西野:僕の場合は、芸人がむっちゃ好きなんですね。で、よく例えで言うんですけど「もう津波が来てる」と。津波が完全に来ていて「みんな津波が来てるから、一回ちょっと丘の上に行こう」って言うんですが、たぶん「こいつはオオカミ少年」みたいな扱いになっちゃって「炎上商法でしょ?」とか。

尾原:そうですね、みんなね(笑)。

西野:「なんか言ってる」「目立とうとしてんスか?」「逆張りスか?」みたいな感じでいじられて。「いや、じゃなくて本当に津波が来てるから! 一旦避難しよう!」って言うんですけど「またまた」みたいなことで。それは芸人だけじゃなくて、テレビとか日本全体でコイツをいじって。

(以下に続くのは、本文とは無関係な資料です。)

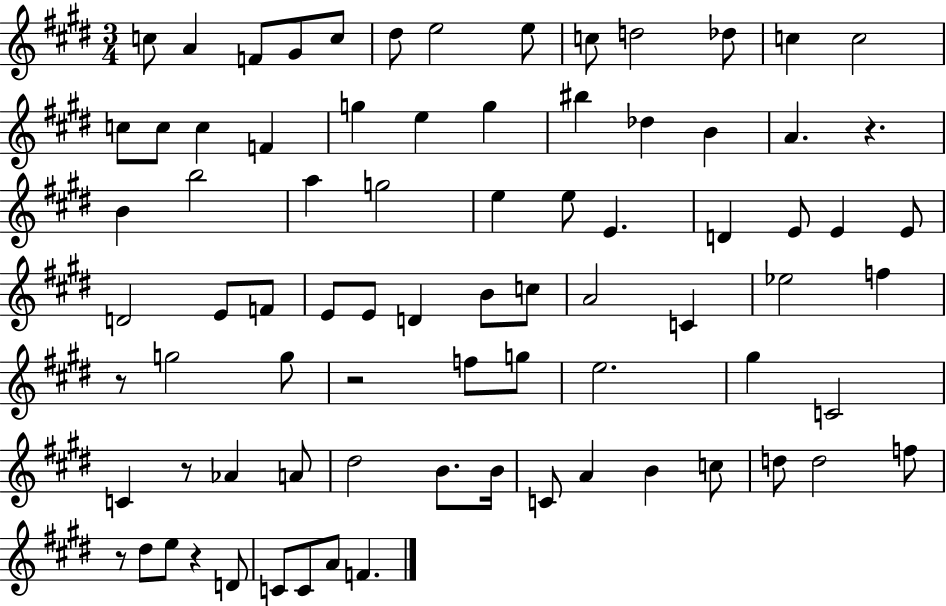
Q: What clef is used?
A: treble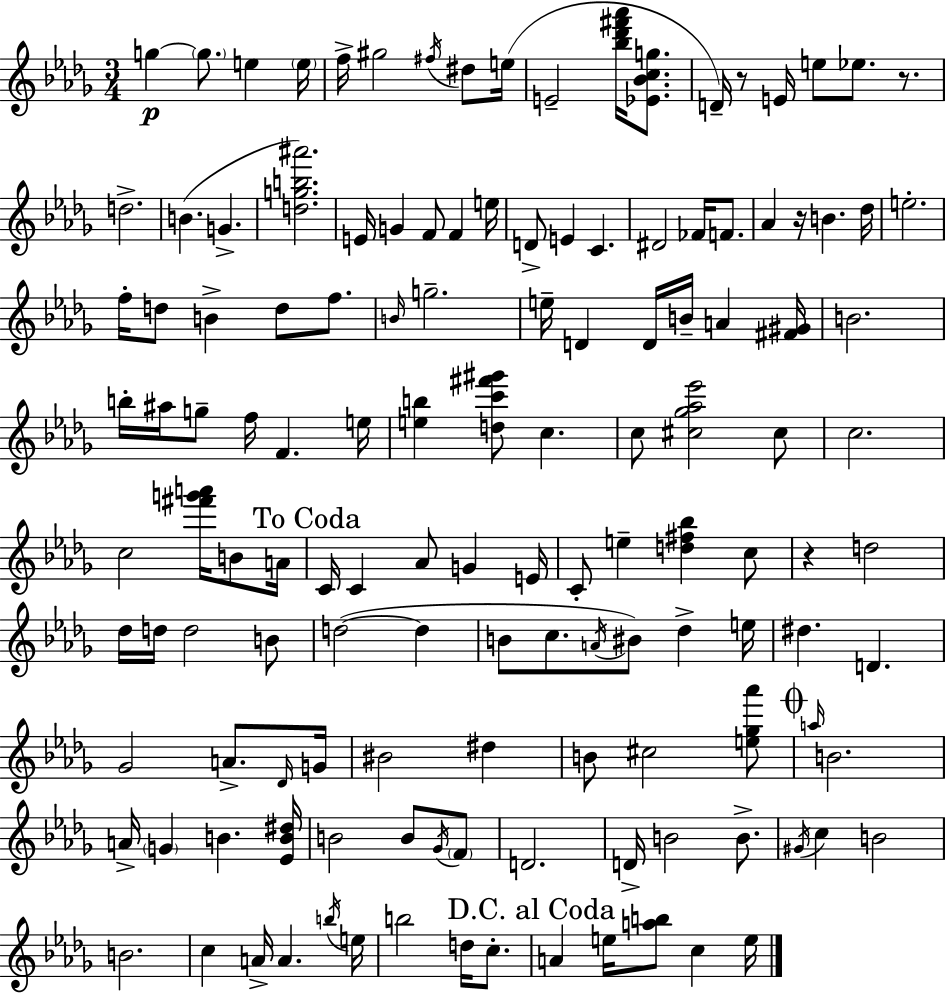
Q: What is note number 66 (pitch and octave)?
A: C5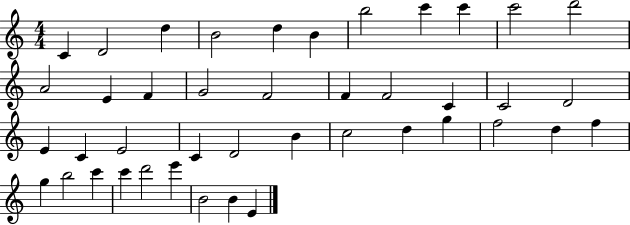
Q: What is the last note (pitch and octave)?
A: E4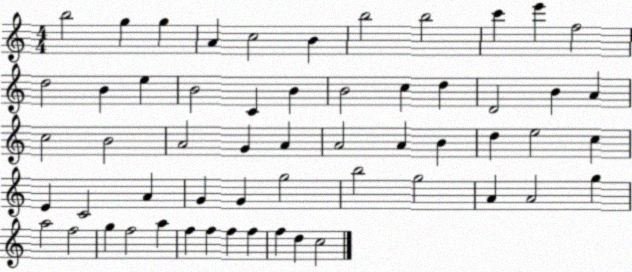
X:1
T:Untitled
M:4/4
L:1/4
K:C
b2 g g A c2 B b2 b2 c' e' f2 d2 B e B2 C B B2 c d D2 B A c2 B2 A2 G A A2 A B d e2 c E C2 A G G g2 b2 g2 A A2 g a2 f2 g f2 a f f f f f d c2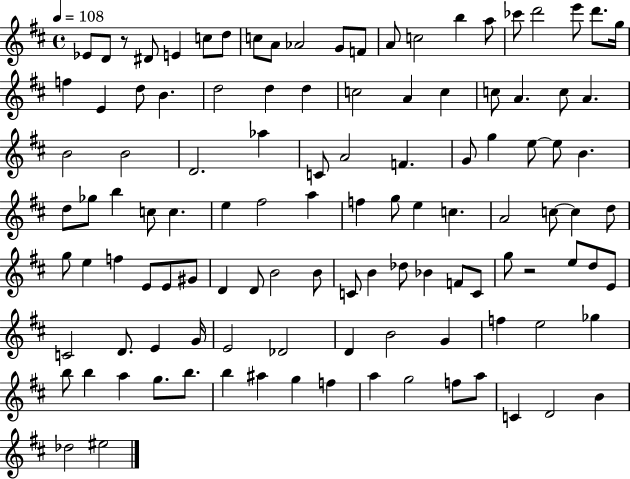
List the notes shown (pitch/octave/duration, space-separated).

Eb4/e D4/e R/e D#4/e E4/q C5/e D5/e C5/e A4/e Ab4/h G4/e F4/e A4/e C5/h B5/q A5/e CES6/e D6/h E6/e D6/e. G5/s F5/q E4/q D5/e B4/q. D5/h D5/q D5/q C5/h A4/q C5/q C5/e A4/q. C5/e A4/q. B4/h B4/h D4/h. Ab5/q C4/e A4/h F4/q. G4/e G5/q E5/e E5/e B4/q. D5/e Gb5/e B5/q C5/e C5/q. E5/q F#5/h A5/q F5/q G5/e E5/q C5/q. A4/h C5/e C5/q D5/e G5/e E5/q F5/q E4/e E4/e G#4/e D4/q D4/e B4/h B4/e C4/e B4/q Db5/e Bb4/q F4/e C4/e G5/e R/h E5/e D5/e E4/e C4/h D4/e. E4/q G4/s E4/h Db4/h D4/q B4/h G4/q F5/q E5/h Gb5/q B5/e B5/q A5/q G5/e. B5/e. B5/q A#5/q G5/q F5/q A5/q G5/h F5/e A5/e C4/q D4/h B4/q Db5/h EIS5/h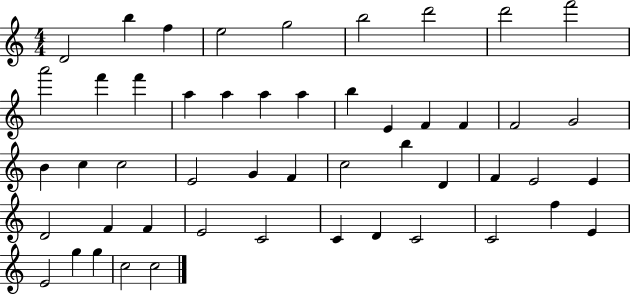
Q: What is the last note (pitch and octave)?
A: C5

で、仕方ない。僕は生き延びなきゃいけないんで、一応、丘の上にパッと避難するんですね。そうすると間もなく津波が来て。僕の大事な人たちがバーッて流されていくのを見なきゃいけないっていう。この辛さはありました。

尾原:僕めっちゃ話わかる(笑)。

西野:これは本当、辛いですよ。

尾原:いや、でも本当に西野さんが言ったように、ひな壇の話ってまさにそうですよね。大きなテレビで見る時代から、みんながスマホで見る時代になったら「画面の中にひな壇入られへんやんけ」っていう。まさに「スマホっていう津波来るぞ」「YouTubeって津波来るぞ」っていう、そこで動かれたわけですね。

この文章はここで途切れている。